Synthesis, Structure, and Magnetic Properties of the Layered Copper(II) Oxide Na2Cu2TeO6

A new quaternary layered transition-metal oxide, Na2Cu2TeO6, has been synthesized under air using stoichiometric (with respect to the cationic elements) mixtures of Na2CO3, CuO, and TeO2. Na2Cu2TeO6 crystallizes in the monoclinic space group C2/m with a = 5.7059(6) (angstrom), b = 8.6751(9) (angstrom), c = 5.9380(6) (angstrom), (beta)= 113.740(2)°, V = 269.05(5) (angstrom)3, and Z = 2, as determined by single-crystal X-ray diffraction.
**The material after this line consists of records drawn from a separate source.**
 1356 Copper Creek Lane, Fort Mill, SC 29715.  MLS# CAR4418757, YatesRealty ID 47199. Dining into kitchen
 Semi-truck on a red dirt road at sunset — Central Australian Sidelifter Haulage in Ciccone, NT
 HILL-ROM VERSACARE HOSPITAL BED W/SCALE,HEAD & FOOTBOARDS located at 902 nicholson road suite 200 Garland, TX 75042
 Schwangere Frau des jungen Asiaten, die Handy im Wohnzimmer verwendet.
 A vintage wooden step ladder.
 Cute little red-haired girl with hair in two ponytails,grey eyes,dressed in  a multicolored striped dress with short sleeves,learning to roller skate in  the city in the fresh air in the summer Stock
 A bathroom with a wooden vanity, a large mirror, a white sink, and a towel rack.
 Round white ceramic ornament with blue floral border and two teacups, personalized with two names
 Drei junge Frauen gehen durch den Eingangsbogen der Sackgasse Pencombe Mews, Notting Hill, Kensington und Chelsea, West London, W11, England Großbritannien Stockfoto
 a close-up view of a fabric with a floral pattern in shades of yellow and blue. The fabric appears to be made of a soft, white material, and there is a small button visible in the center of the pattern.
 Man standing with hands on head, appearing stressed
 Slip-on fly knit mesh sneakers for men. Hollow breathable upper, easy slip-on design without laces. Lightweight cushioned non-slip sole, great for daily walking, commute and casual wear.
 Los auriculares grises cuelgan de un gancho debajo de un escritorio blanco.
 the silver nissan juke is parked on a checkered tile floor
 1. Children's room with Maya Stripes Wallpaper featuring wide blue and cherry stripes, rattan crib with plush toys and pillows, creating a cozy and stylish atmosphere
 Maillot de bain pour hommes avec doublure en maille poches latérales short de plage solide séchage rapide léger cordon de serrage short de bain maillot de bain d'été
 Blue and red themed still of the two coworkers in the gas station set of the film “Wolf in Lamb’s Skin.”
The structure is composed of ^2(infinity)[Cu2TeO6] layers with the Na atoms located in the octahedral voids between the layers. Na2Cu2TeO6 is a green nonmetallic compound, in agreement with the electronic structure calculation and electrical resistance measurement. The magnetic susceptibility shows Curie-Weiss behavior between 300 and 600 K with an effective moment of 1.85(2) (mu)B/CuII and vc = -87(6) K. A broad maximum at 160 K is interpreted as arising from short-range one-dimensional antiferromagnetic correlations. With the aid of the technique of magnetic dimers, the short-range order was analyzed in terms of an alternating chain model, with the surprising result that the stronger intrachain coupling involves a super-superexchange pathway with a Cu-Cu separation of >5 (angstrom). The J2/J1 ratio within the alternating chain refined to 0.10(1), and the spin gap is estimated to be 127 K.